Forge and Bond Thermoplastic Rims

forge and bond 30 em wheels 0008 6434420d99193


The Takeaway: CSS Composites unveils its new Force and Bond house brand to push the limits of thermoplastic carbon technology and USA manufacturing. Debuting are two new wheelsets: An enduro mountain wheel, and a gravel wheel. The thermoplastic carbon rims promise a smoother ride and greater durability than the more common thermoset carbon, and on the former they certainly deliver. Thermoplastic carbon is easier to recycle than other carbon composites, and the production process has, the company claims, a smaller environmental impact than typical thermoset carbon.

  • Rims are made in Gunnison, Utah from US-sourced materials
  • Built with USA-made Industry Nine hubs
  • Tubeless-ready rims with hookless beads
  • Lifetime warranty provides free replacement of rims damaged while riding
  • 29-inch enduro mountain and 700c gravel wheels are available now. Other sizes and categories to follow
  • Built with Industry Nine hubs. Offered in multiple axle configurations and driver body options
  • Only offered as complete wheelsets. Rim-only options available in the future

Price: $2,599
Actual Weights (with tubeless tape and valves)
Gravel Wheels: 1476g
– Mountain Wheels 28 spoke: 1850g
– Mountain Wheels 32 spoke: 1962g

forge bond em 30

The mountain bike wheels come with either 28 or 32 spokes.

Trevor Raab

After a handful of years acting as an OE supplier of thermoplastic carbon parts to well-known brands like Revel, Evil, and Chris King, CSS Composites debuts its own aftermarket bicycle components brand: Forge and Bond.

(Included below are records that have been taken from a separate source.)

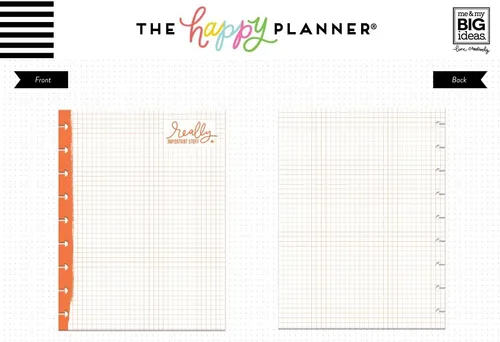 Vista 3 de me & my BIG ideas FILN-01 El papel planificador feliz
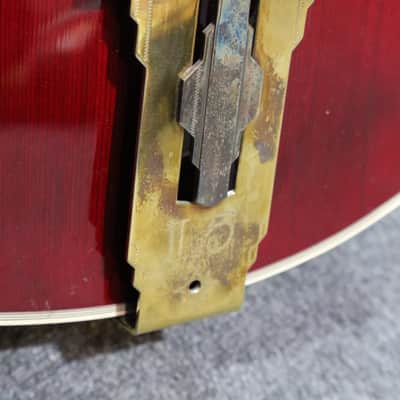 Gibson Custom Shop L-5 Wes Montgomery 1993 - 2016 - Wine Red image 5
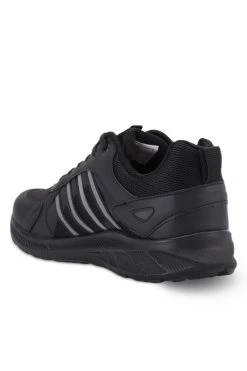 Slazenger Sneaker - Schwarz - Flacher Absatz Herren Sneaker 736300273 -Boutique-Schuhgeschäft 3 org zoom 1280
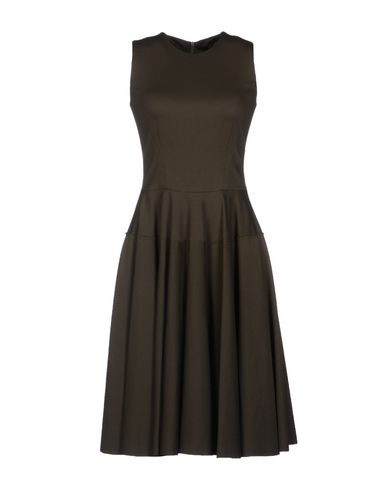 ZOOM MAURIZIO PECORARO - Knee-length dress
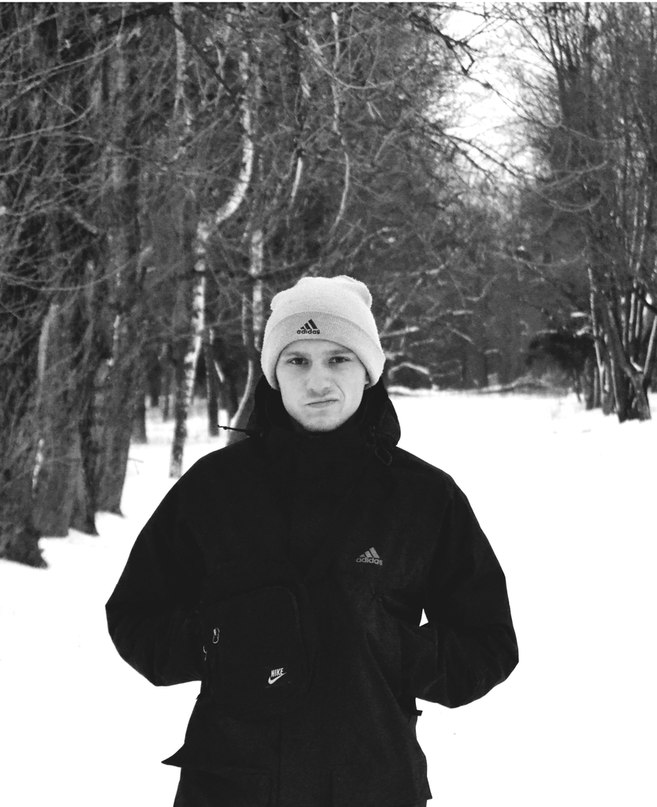 Санёк Крошилин CRASH | Санкт-Петербург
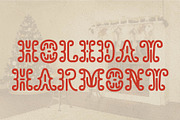 Etnika – A Traditional Script Font, a Sans Serif Font by Hole Hope Design (Thumbnail 3 of 8)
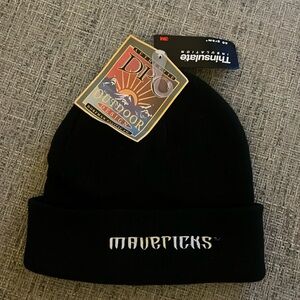 NEW NWT Mavericks Surf Competition x Jim Beam Beanie Hat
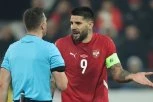 TO JE FUDBAL! Mitrović nakon meča: "Čekamo baraž, spremamo se za to"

I encourage you to read my story about thermoplastic composites for greater detail about the features and benefits of the material. The short version is CSS makes its thermoplastic products in the USA, from as much US-sourced material as possible. Compared to thermoset composites, thermoplastic employs a simpler, more automated, and less energy-intensive manufacturing process.

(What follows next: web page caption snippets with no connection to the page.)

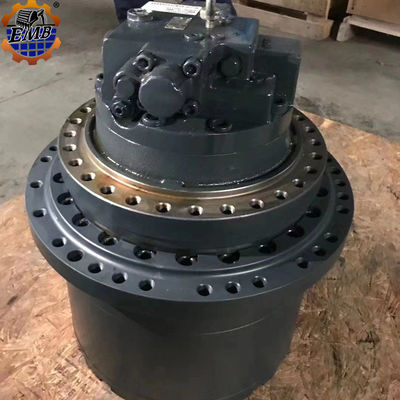 39Q6-40100 Final Drive Assy 39Q6-40101 เครื่องขุดดิน มอเตอร์เดินทางสําหรับ R210-9 R250-9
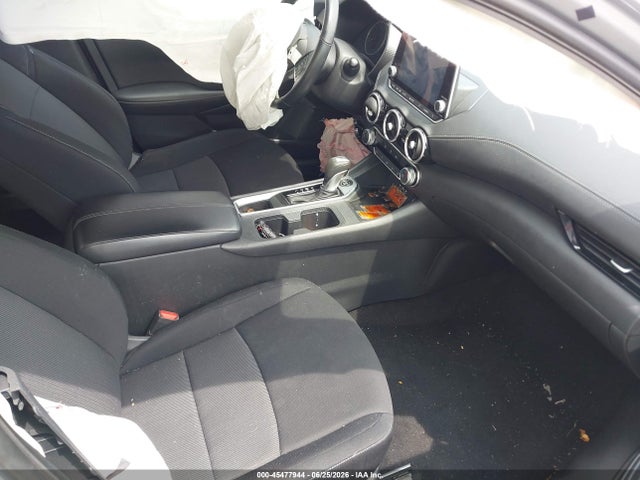 2023 Nissan SENTRA SV XTRONIC CVT — фото 5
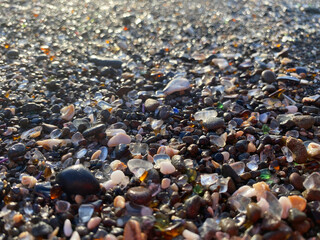 California Sea Glass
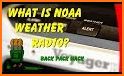 NOAA Weather radio related image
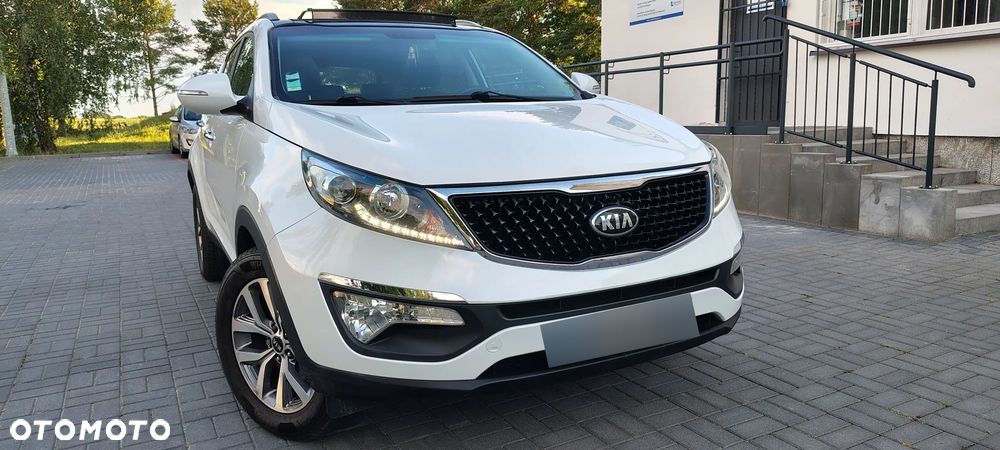 Kia Sportage 1.7 CRDI XL 2WD - 17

Thermoplastic carbon is also recyclable: CSS can recycle over 99 percent of the material used to make a rim; even the material trimmings left over from the manufacturing of the rim can be reused to make other products. One example is the tire levers that come with every Forge and Bond wheelset, which a representative described as so tough and strong that they are the “Last tire levers you’ll ever need.”

Forge and Bond wheels are available for sale today at the brand’s website.

forge and bond 25 gr

Forge and Bond debuts with wheels for mountain and gravel.

Dan Chabanov

Who is Forge and Bond?

Forge and Bond is the new bicycle components brand of CSS Composites. If CSS Composites sounds familiar, that’s because it is the company that makes Fusion Fiber thermoplastic carbon rims for Revel, Evil, and Chris King’s wheelsets, and the thermoplastic handlebar for Yeti’s 160-E e-bike. And CSS representatives hinted that several other wheelsets, from familiar brands not yet named, featuring Fusion Fiber rims will drop soon.

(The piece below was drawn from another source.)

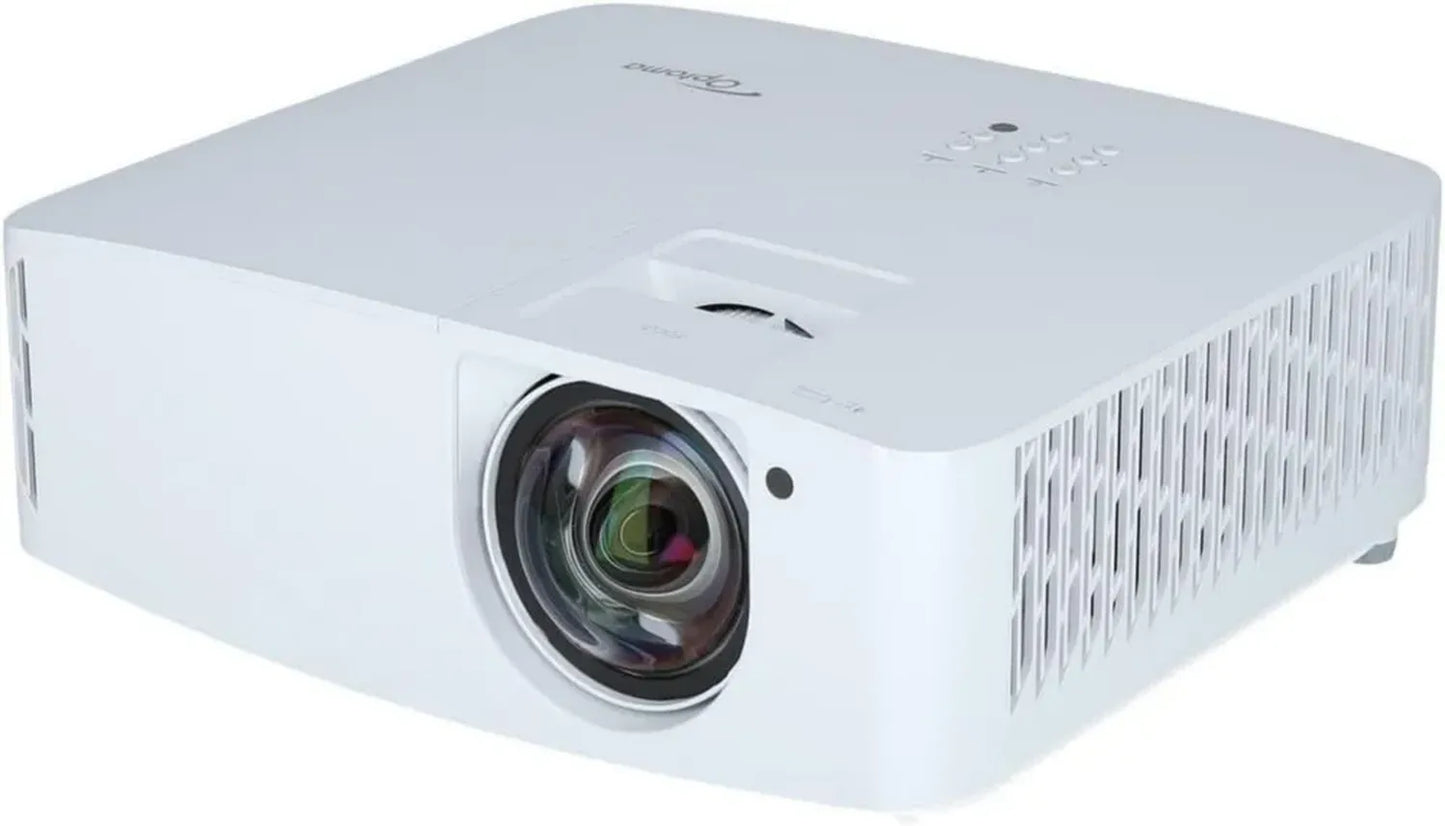 Vidéo-projecteur 4K UHD Optoma UHD35STx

No matter if it’s a Chris King, Revel, Evil, or Forge and Bond rim (or another unnamed brand), CSS’s underlying Fusion Fiber thermoplastic ingredients are the same, “Carbon-reinforced nylon with a standard modulus fiber,” according to Joe Stanish, CSS’s COO.

But that does not mean that the rims are the same no matter what logo they carry. It’s a bit like a cooking reality show where everyone starts with the same ingredients and finishes with different dishes.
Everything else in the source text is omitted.